§ **Extracted data**
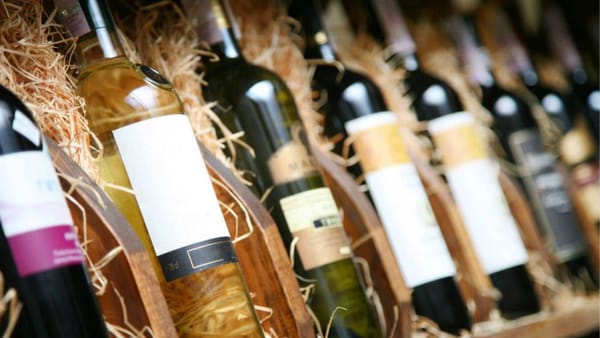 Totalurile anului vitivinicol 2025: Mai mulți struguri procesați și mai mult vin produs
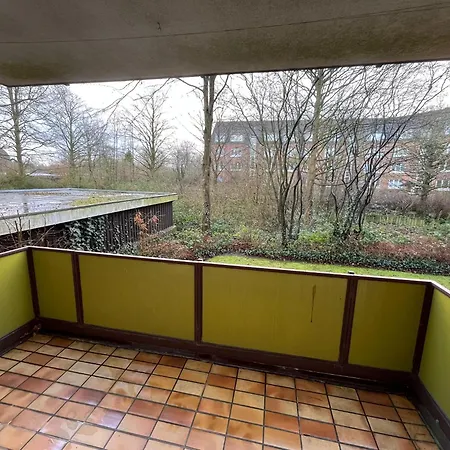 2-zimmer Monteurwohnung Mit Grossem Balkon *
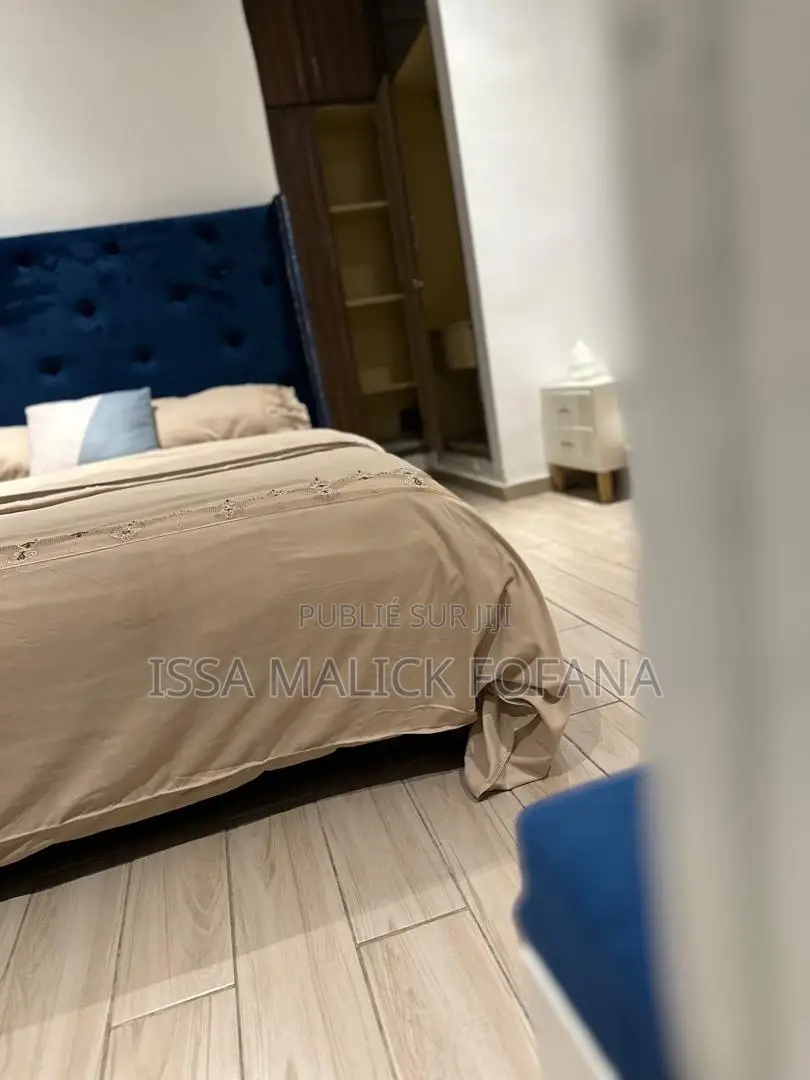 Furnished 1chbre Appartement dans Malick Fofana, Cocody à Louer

---

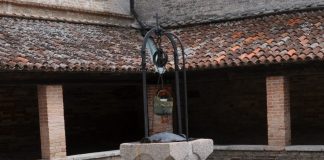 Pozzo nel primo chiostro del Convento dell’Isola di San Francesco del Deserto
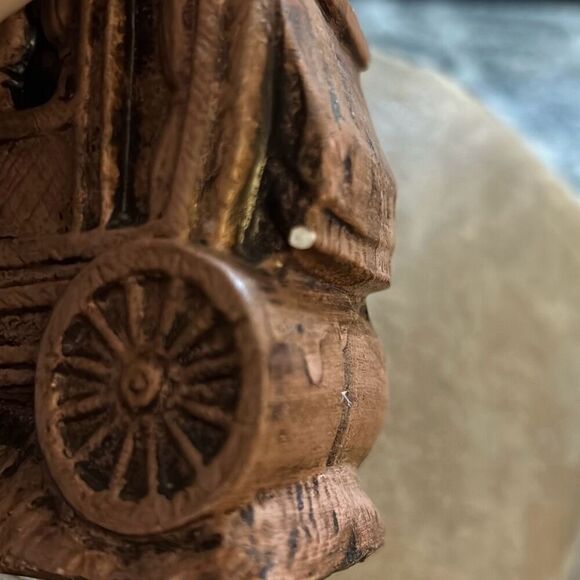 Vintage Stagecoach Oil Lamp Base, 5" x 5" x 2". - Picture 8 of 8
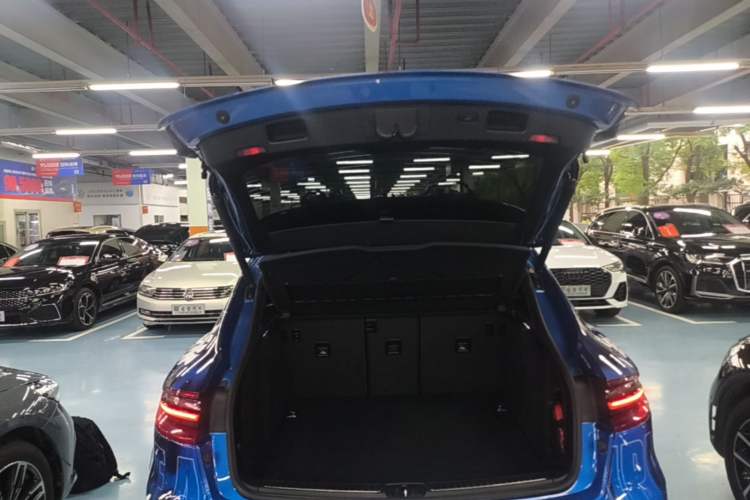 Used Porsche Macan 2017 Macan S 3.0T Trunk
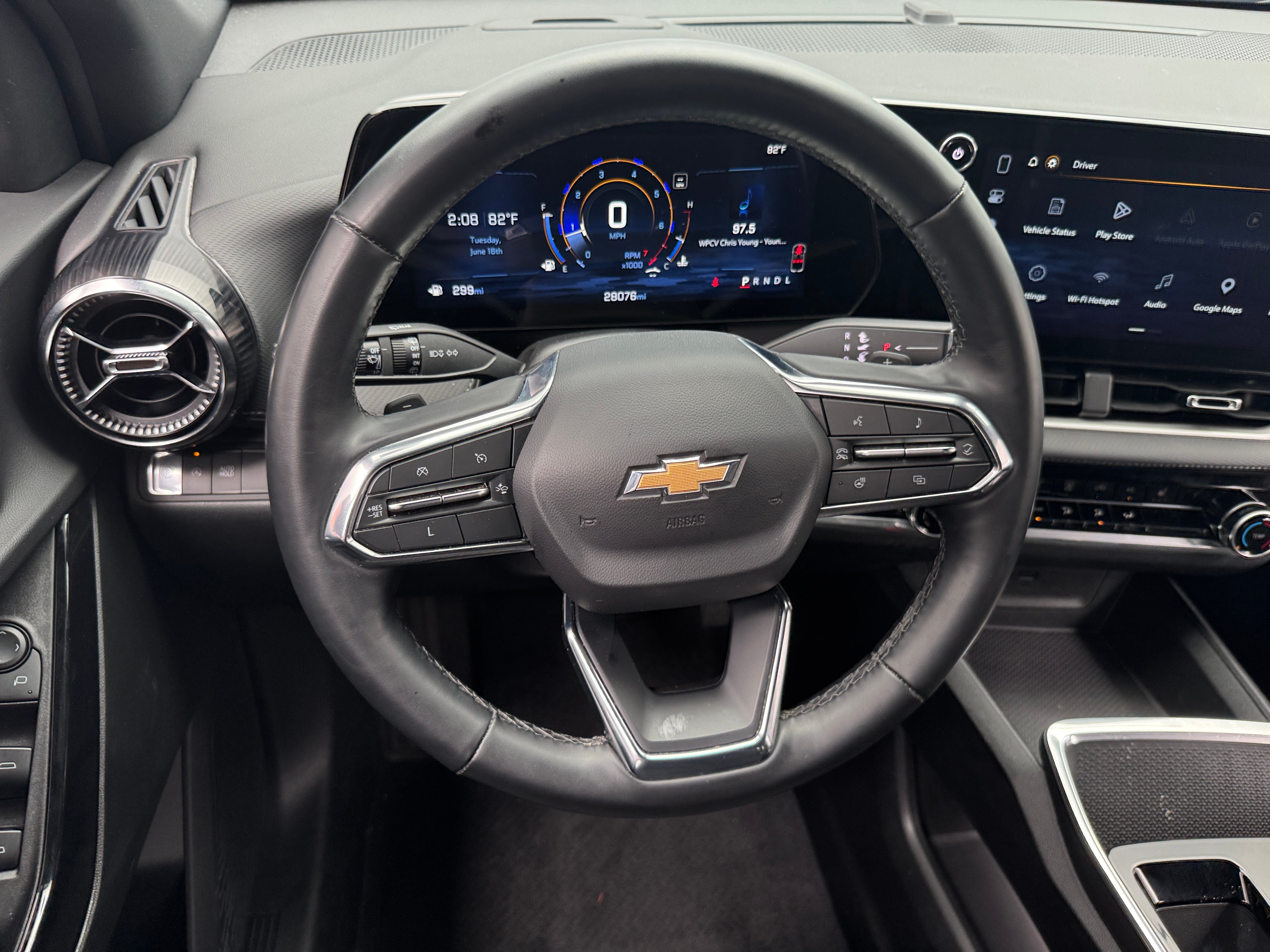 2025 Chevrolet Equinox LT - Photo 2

---

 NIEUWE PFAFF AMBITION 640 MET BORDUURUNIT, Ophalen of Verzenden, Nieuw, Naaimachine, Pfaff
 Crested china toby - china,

§ **Problem statement**
All that should appear in the answer is the lines above from the line with "Totalurile anului vitivinicol" through the line with "Furnished 1chbre Appartement", retyped exactly, pictures left out.

§ **The completed task**
 Totalurile anului vitivinicol 2025: Mai mulți struguri procesați și mai mult vin produs
 2-zimmer Monteurwohnung Mit Grossem Balkon *
 Furnished 1chbre Appartement dans Malick Fofana, Cocody à Louer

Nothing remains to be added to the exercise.